I’m not just the medic. I help bring up the bulls before buck-outs and turn them out after. I ride with the cowboys, who aren’t all active duty. We have several dependent kids of military and retired military. We have buck-outs nearly every week and at least one rodeo on the base each year. We travel in groups to rodeos around this area. I fit in here. Dirty jeans. Dusty boots.


This weekend I hitched a ride with a couple of the cowboys who lived in Miami, Oklahoma, which is just across the state line from Ft. Scott, KS where Dad live's. When Dad picks me up he tells me Mary’s in the hospital after gallbladder surgery. I really didn’t care. After supper, which I did not fix! We drink a few beers, talk, laugh and he invites me to sleep with him. He promises me a "good time." I sleep on the couch and go home sad.

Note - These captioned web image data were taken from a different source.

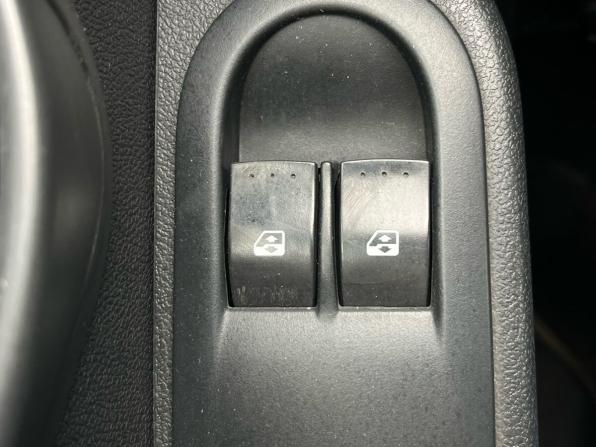 Renault Duster I с пробегом 2013 года, цена 830 000 рублей, 99000 км, внедорожник, Автокод Объявления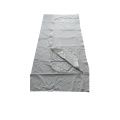 corpse body bag pvc material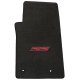 2010-2015-camaro-lloyd-mats-2pcs-floor-mats-ss-logo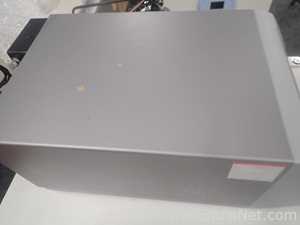 Anton Paar SurPASS 3 Electrokinetic Analyzer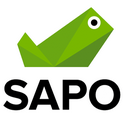 icon_sapo_emprego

I’ve just got in and it’s two A. M. Someone’s knocking on my door. A guy I just met at a bar tonight has followed me home. I’d been out with the rodeo team and one of the cowboys had introduced me to him. Bill. He’s with one of the unruly cowboys who believes, in all states of sobriety and drunkenness, that he is the next big PRCA champion bull rider. I tell them to leave.


Bill seems to always be wherever I am. Usually the base stables. The next thing I know he’s living in my apartment. Driving my car. "How did this happen?" Before long we’re spending all our time at a bar called The Brig. That’s where we met. He’s fifteen years older than me but I don’t care. I’m with someone.


I start talking about getting married. I want to have a baby and will not get pregnant without being married. Bill’s agreeable but not divorced. And, he has five kids. But, "I make good babies," he says. He got divorced.


At our wedding on June 3, 1978, in San Diego, I’m wearing a Victorian style gown with a high, lace collar, I made on my treadle sewing machine. I’m much too hot but it doesn’t matter. I’m getting married. My old roommate, Carole, is here, my Uncle Don, too. We’re at Mom’s with Grandma Lucus’s Presbyterian pastor. My bouquet is three large gardenias-Bill’s favorite. Uncle Don takes Bill, Carole and me out for dinner to a fancy restaurant on the ocean. As Bill and I stand arm in arm and look out over the great Pacific, I cry. I’m so happy.


A month later I’m at Dad’s bedside. He’s had a quadruple coronary artery bypass and looks awful. He’s whiter than white. They shaved off his full, scraggly beard and he doesn’t look like my dad. As he struggles with the ventilator I reach out to calm him down. It works. I straighten his sheet and explain the equipment to Bobbi. He’s now my patient.